Taylor Wessing Photo Portrait Prize 2023

Taylor Wessing Photo Portrait Prize 2023

For several years I worked in a building opposite the National Portrait Gallery. Indeed, for a goodly chunk of that time my desk actually overlooked the entrance. I’m appalled and not a little disgusted with myself that I crossed the road and went inside so few times during that period. But each time I did, I was reminded why it’s probably my favourite art gallery in London. A view that my visit there last week only served to confirm.

Admittedly, I’ve been equally tardy in getting to the Taylor Wessing Photo Portrait Prize 2023 exhibition (although, by way of a very meagre excuse, the exhibition wasn’t on throughout 2023, only since November), but as it’s still on display until the end of this month (Feb 2024), I wanted to encourage any of you who can, not to miss the chance to follow in my fascinated footsteps.

The entrance to the Taylor Wessing Photo Portrait Prize 2023 exhibition

Launched in 2003, the open competition which attracts about 6,000 entries from which around 60 are chosen to be displayed, and which always bears the name of the sponsor, so started as the Schweppes Photographic Portrait Prize, celebrates the best in contemporary photographic portraiture.

Entrants have to be over 18, can come from anywhere in the world and be professional or amateur. They are encouraged to submit portraits that focus on portraying people with an ‘emphasis on their identity as individuals’. The winner of the competition gets £15,000, with a second prize of £3,000 and a third of £2,000.

The chosen selection of widely varying portraits, and the information that accompanies each of them, make for an absorbing, challenging, revealing, captivating, often moving, sometimes funny, display in which each of the photographers captures something powerful and connective in each of their subjects.
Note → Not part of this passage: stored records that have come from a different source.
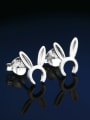 thumb Personalized 925 Sterling Silver Little Rabbit Stud Earrings 0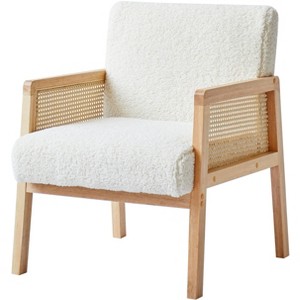 Nordlys Wood Lounge Chair in Rattan and Velvet Countryside Style Living Room - 1 of 4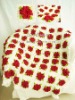 QN10005 Handmade Crocheted Baby Rose Soft Blankets Afghan Coverlet Milk Cotton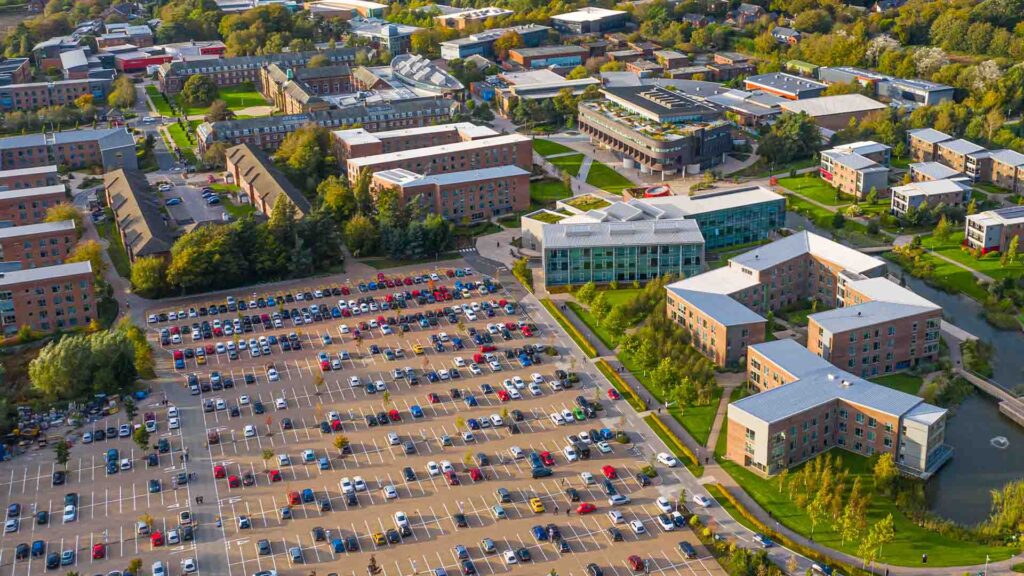 aerial shot of campus carpark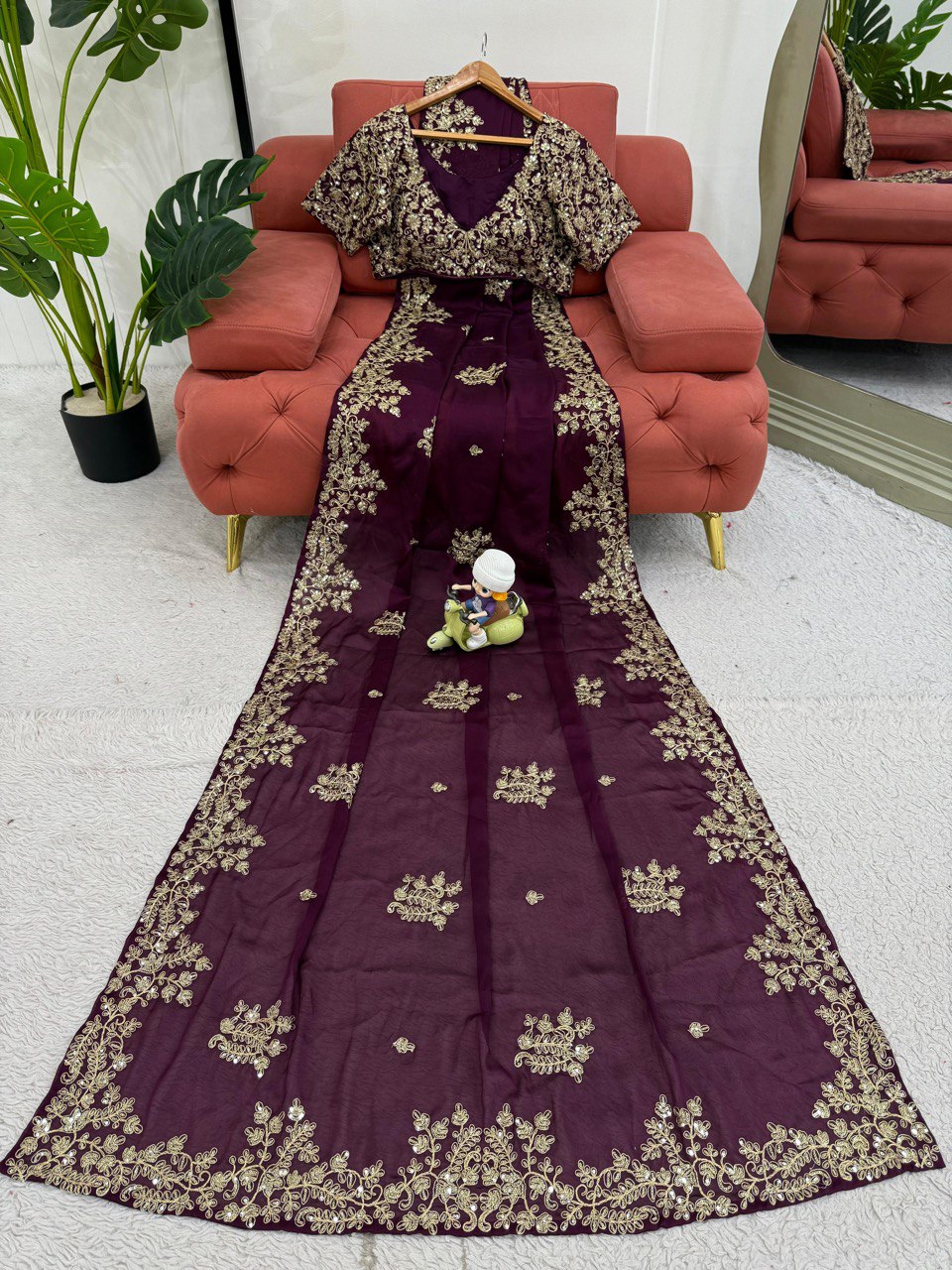 Wedding Wear Wine Color Rangoli Silk And Coding With Sequence Work Saree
Here are just a few examples (with apologies for the reflections in the glass. It’s fiendishly difficult to get a shot without that!)

Benedicta & Jasmine

British photographer Garrod Kirkwood took this shot as part of his ongoing exploration of sibling relationships. The two sisters were born in different continents owing to their parents’ migration to the UK from Africa. Captured in natural light with no styling, there’s a deep connection between the two as they look the viewer directly in the eye.

l-r Scrolling, TikTok and Hidden Quarry by Philippa James

These three images are part of an on-going project by Philippa featuring her 14 year old daughter and her friends, all born at the dawn of the smartphone era, in which she explores the youngsters relationship with their mobile phones and each other. It made me think, as I so often do, about the world of connectivity and communication that my little grandgirls are growing up in to.

Phopy by Zoja Kalinovskis

This is from a series that Zoja calls Unseen. As a disabled, queer, non-binary artist, the British photographer aims to “challenge the narrative around how disabled people are viewed”. This portrait of their friend is inspired by classical sculpture.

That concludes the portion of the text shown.